Ohio Senate again passes pay-raise resolution
By Marc Kovac
COLUMBUS
The Ohio Senate again has signed off on a resolution calling for the creation of a separate commission to decide changes in pay for public officials.
The 33-0 vote this week sends SJR 1 back to the Ohio House for its consideration. Senators approved a comparable resolution late last year that did not move out of the other chamber.
SJR 1 calls for the creation of a nine-member Public Office Compensation Commission, which would be required to review the pay rates of elected public officials throughout the state.
Members would be appointed by the governor, majority and minority leaders of the Legislature and the chief justice of the Ohio Supreme Court. Appointees could not be elected officials, family members of elected officials, government employees or lobbyists.
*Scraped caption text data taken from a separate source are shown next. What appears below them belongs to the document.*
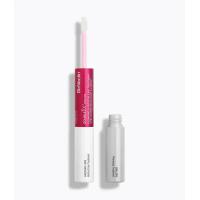 StriVectin Double Fix for Lips Plumping & Vertical Line Treatment baume pour les lèvres Beaume pour les lèvres Femmes 10 ml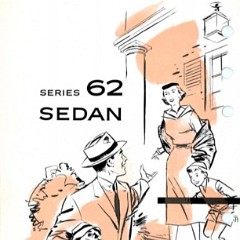 1955_Cadillac_Data_Book-034
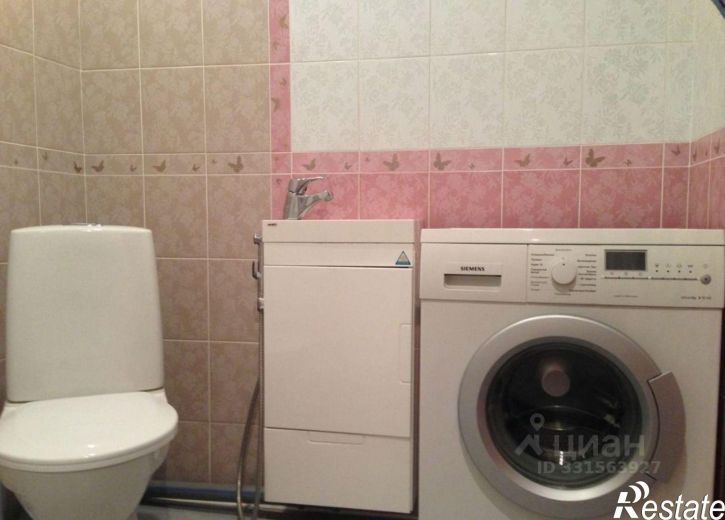 2-комн квартира б-р Ибрагимова, 46,  д. 46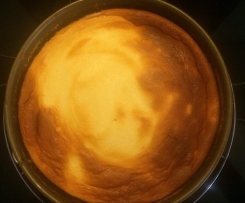 Uroma Lore´s Käsekuchen 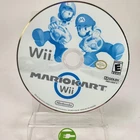 New ListingMario Kart Wii (Wii, 2008)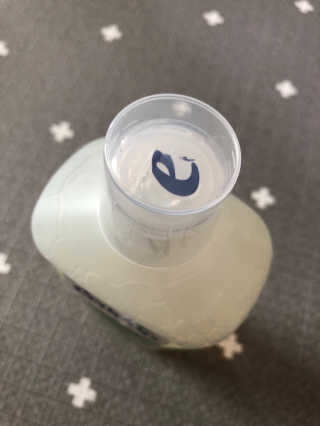 reciewham님이 올린 리뷰 사진 3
The commission would offer recommendations for increases or decreases to pay rates for statewide, county and township officials and judges but not some other officials, whose pay is established via resolution at the local level. Lawmakers could override pay recommendations.
Nineteen other states have comparable compensation commissions in place, said Senate President Keith Faber, R-Celina, the primary sponsor of the measure.
“It’s time for us to take politicians out of the business of giving each other pay raises,” he said, adding later, “Many of us believe, as I do, that there are certainly elected officials around Ohio [who] certainly merit pay raises, but doing it in an abstract political process is not the best way to do it.”
Lawmakers’ approval would place the resolution before voters for a final decision.
The Ohio House passed its own public-official pay-raise bill late last year that was not supported by the Senate. The House also removed language from the biennial budget bill that would have increased pay for judges, an amendment supported by the supreme court’s chief justice.